Data listing:

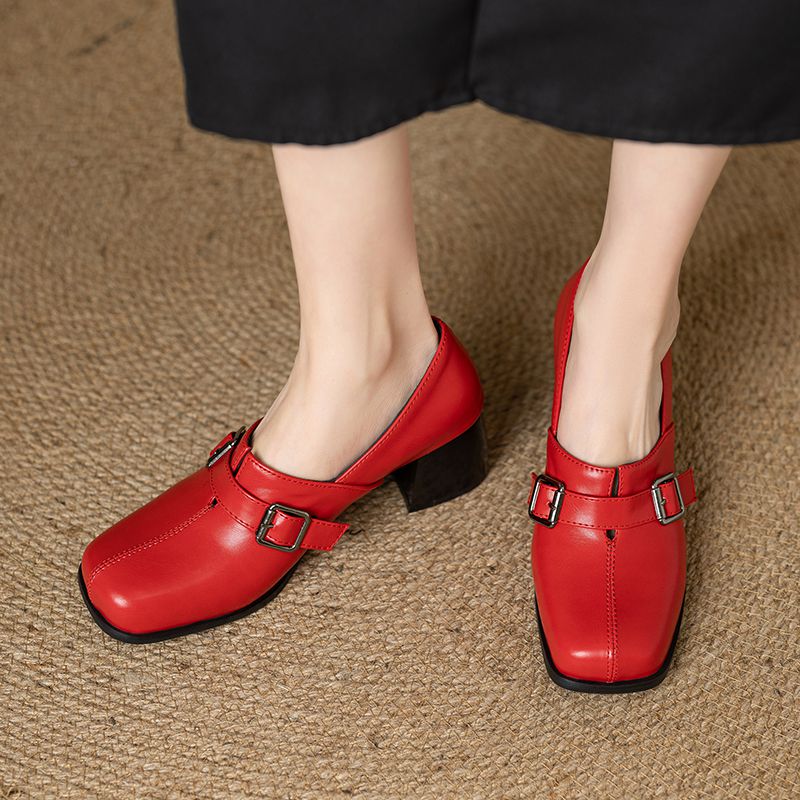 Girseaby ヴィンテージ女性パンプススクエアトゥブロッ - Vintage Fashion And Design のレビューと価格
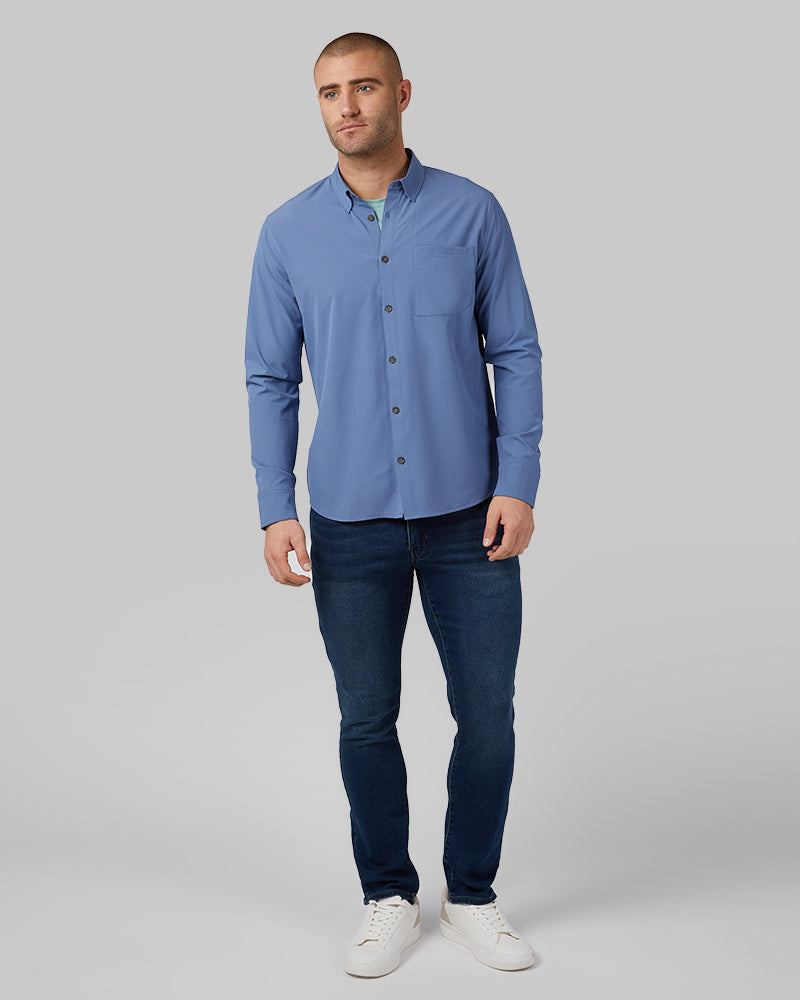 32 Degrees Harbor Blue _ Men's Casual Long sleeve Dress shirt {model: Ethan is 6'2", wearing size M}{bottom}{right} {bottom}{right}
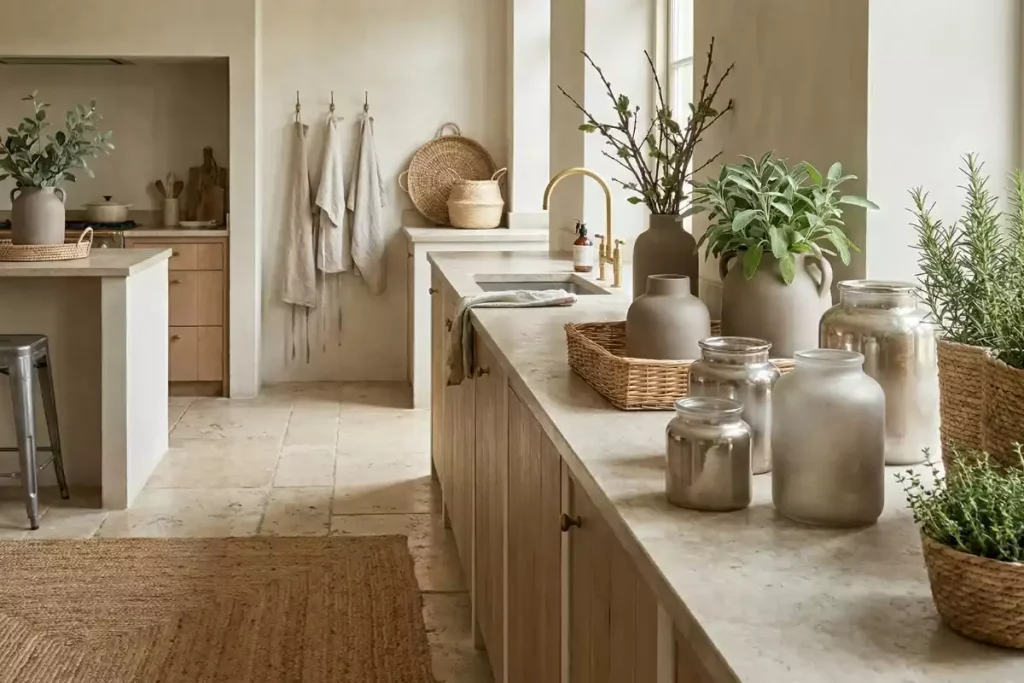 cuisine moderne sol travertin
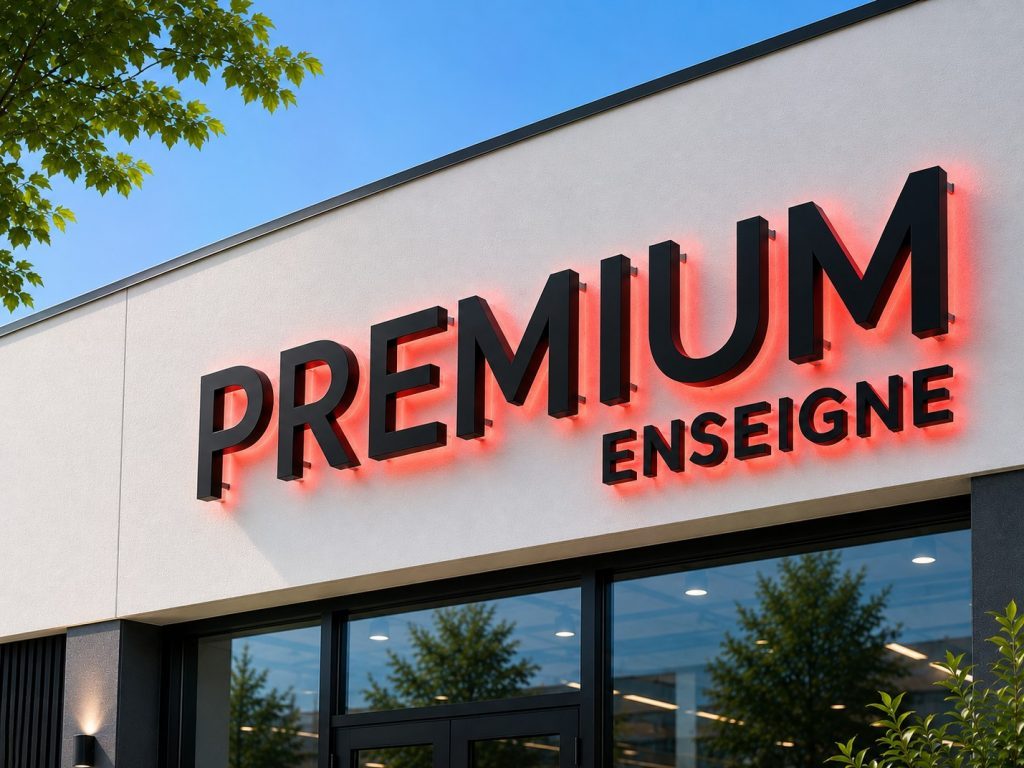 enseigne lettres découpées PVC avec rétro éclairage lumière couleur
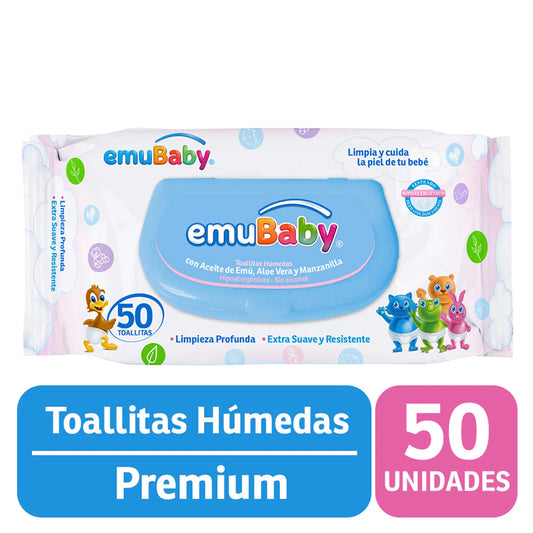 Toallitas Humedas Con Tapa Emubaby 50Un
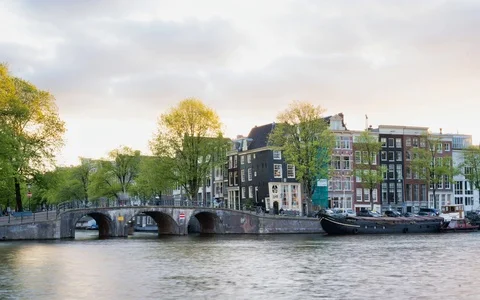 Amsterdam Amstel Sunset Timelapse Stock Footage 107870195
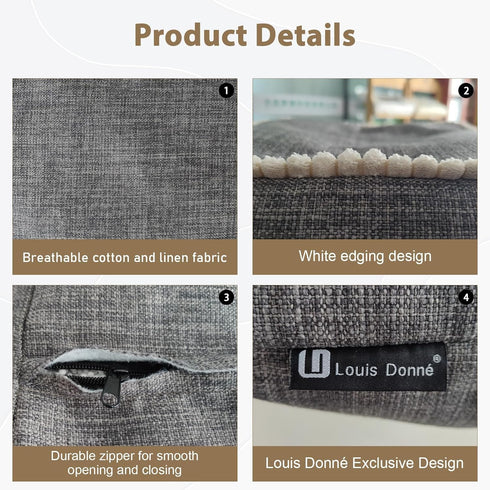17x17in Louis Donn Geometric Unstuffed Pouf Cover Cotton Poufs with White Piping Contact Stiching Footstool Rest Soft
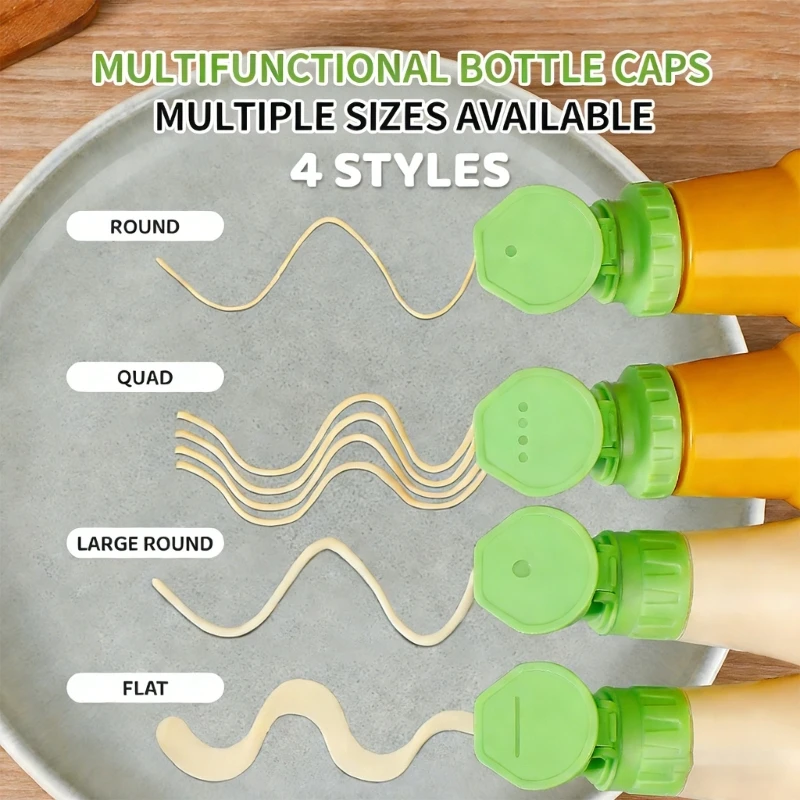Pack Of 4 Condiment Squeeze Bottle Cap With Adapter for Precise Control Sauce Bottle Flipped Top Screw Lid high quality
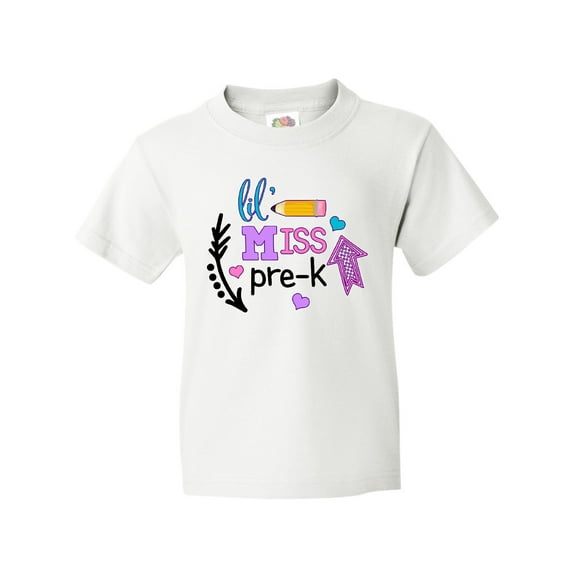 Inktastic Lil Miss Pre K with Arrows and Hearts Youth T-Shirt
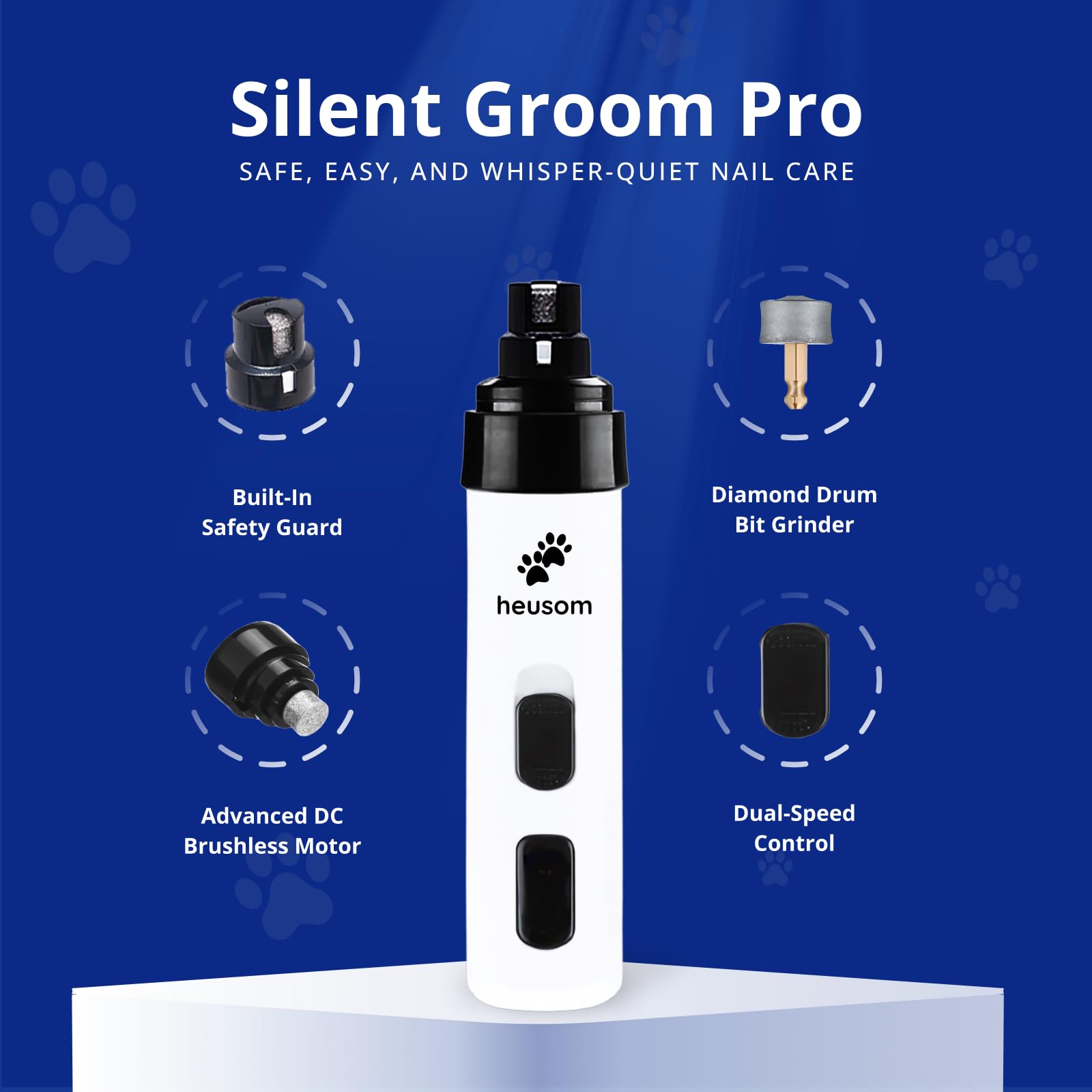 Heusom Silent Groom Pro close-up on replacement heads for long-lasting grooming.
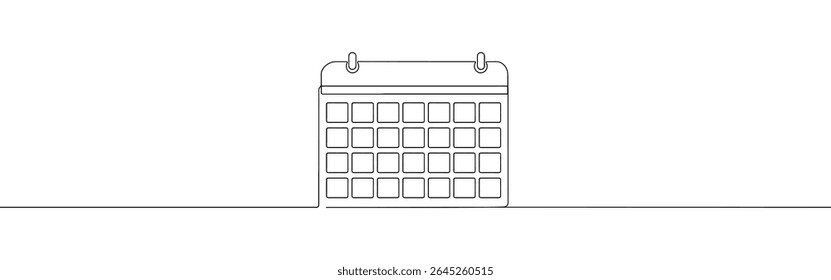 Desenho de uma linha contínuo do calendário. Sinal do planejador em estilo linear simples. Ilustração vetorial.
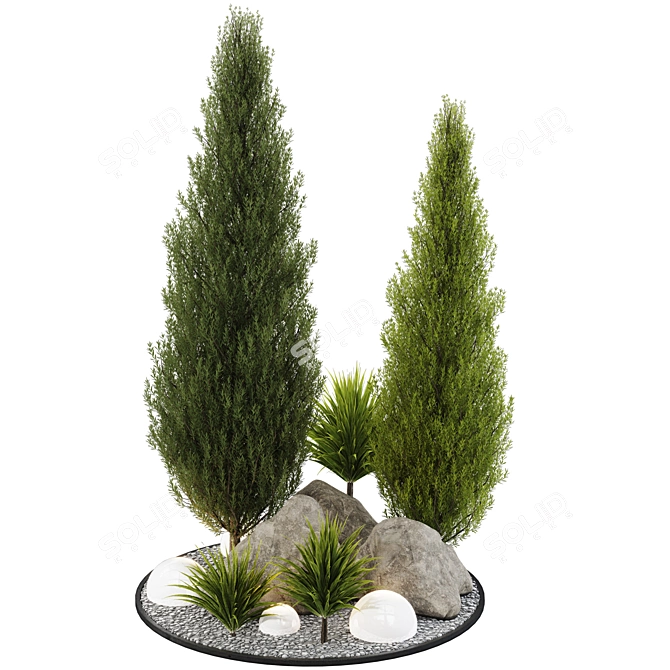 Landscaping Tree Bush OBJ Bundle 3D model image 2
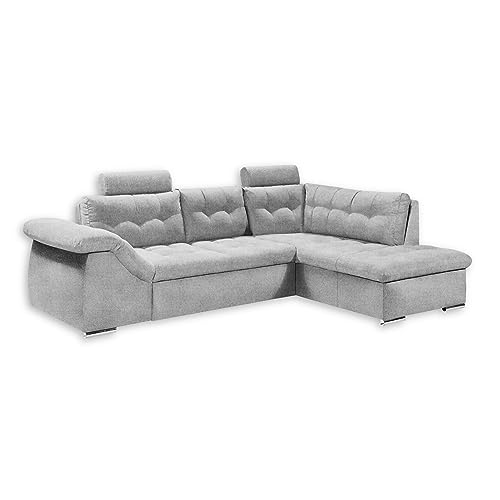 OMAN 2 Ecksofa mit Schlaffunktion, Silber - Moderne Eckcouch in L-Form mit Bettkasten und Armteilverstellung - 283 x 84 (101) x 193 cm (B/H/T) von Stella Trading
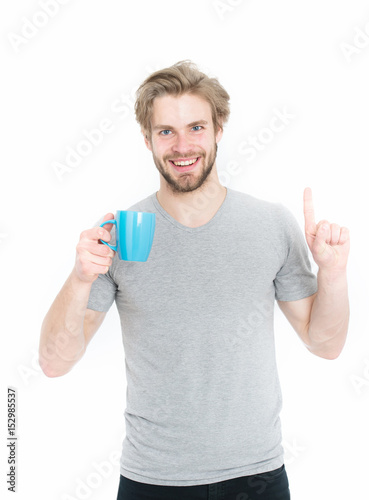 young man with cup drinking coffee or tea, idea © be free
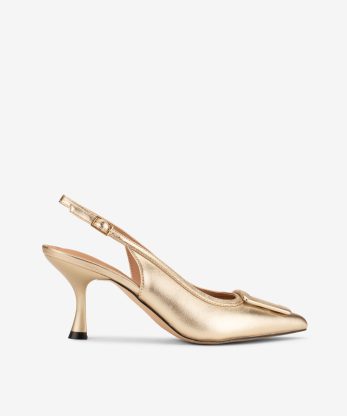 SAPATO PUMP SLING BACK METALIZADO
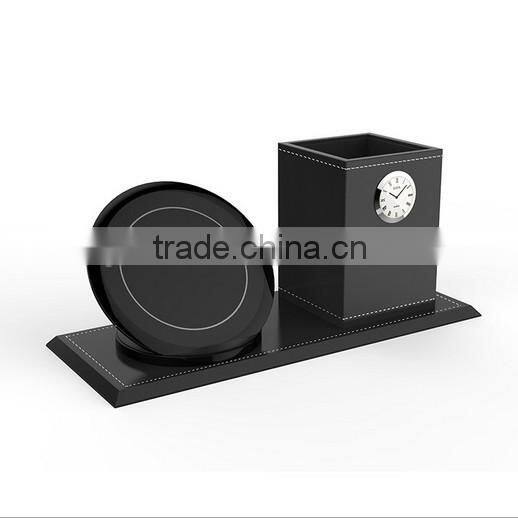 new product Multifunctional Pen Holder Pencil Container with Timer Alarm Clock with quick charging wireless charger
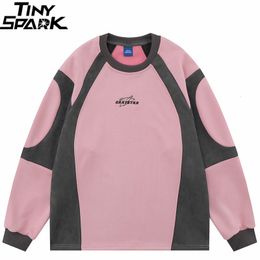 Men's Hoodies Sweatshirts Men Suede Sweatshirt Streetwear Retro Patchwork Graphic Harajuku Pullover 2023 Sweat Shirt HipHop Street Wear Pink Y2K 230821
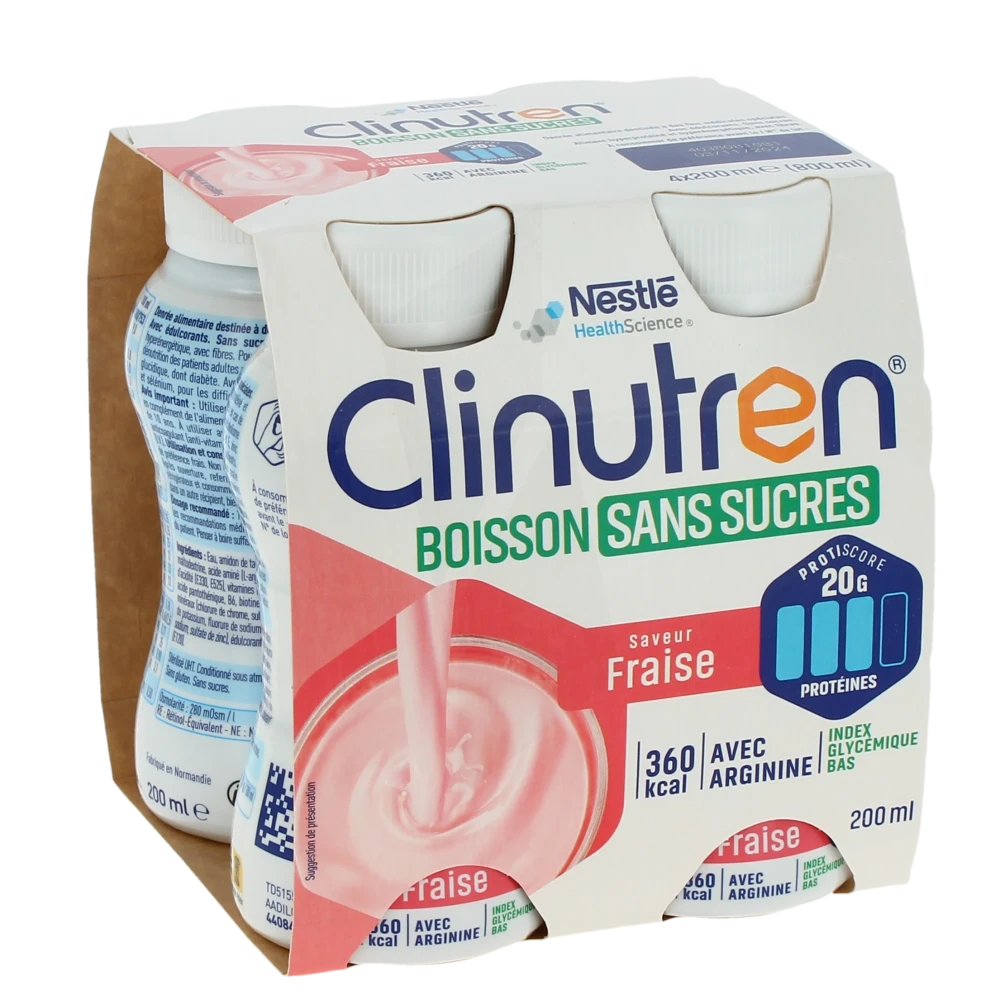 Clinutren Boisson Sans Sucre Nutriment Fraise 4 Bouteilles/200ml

Your objective:
The result is an exact copy of the lines from the one holding "32 Degrees Harbor" through the final line of the data above, both ends included, minus the pictures.

Task answer:
 32 Degrees Harbor Blue _ Men's Casual Long sleeve Dress shirt {model: Ethan is 6'2", wearing size M}{bottom}{right} {bottom}{right}
 cuisine moderne sol travertin
 enseigne lettres découpées PVC avec rétro éclairage lumière couleur
 Toallitas Humedas Con Tapa Emubaby 50Un
 Amsterdam Amstel Sunset Timelapse Stock Footage 107870195
17x17in Louis Donn Geometric Unstuffed Pouf Cover Cotton Poufs with White Piping Contact Stiching Footstool Rest Soft
Pack Of 4 Condiment Squeeze Bottle Cap With Adapter for Precise Control Sauce Bottle Flipped Top Screw Lid high quality
 Inktastic Lil Miss Pre K with Arrows and Hearts Youth T-Shirt
 Heusom Silent Groom Pro close-up on replacement heads for long-lasting grooming.
 Desenho de uma linha contínuo do calendário. Sinal do planejador em estilo linear simples. Ilustração vetorial.
 Landscaping Tree Bush OBJ Bundle 3D model image 2
 OMAN 2 Ecksofa mit Schlaffunktion, Silber - Moderne Eckcouch in L-Form mit Bettkasten und Armteilverstellung - 283 x 84 (101) x 193 cm (B/H/T) von Stella Trading
 young man with cup drinking coffee or tea, idea © be free
 SAPATO PUMP SLING BACK METALIZADO
 new product Multifunctional Pen Holder Pencil Container with Timer Alarm Clock with quick charging wireless charger
 Men's Hoodies Sweatshirts Men Suede Sweatshirt Streetwear Retro Patchwork Graphic Harajuku Pullover 2023 Sweat Shirt HipHop Street Wear Pink Y2K 230821
 Clinutren Boisson Sans Sucre Nutriment Fraise 4 Bouteilles/200ml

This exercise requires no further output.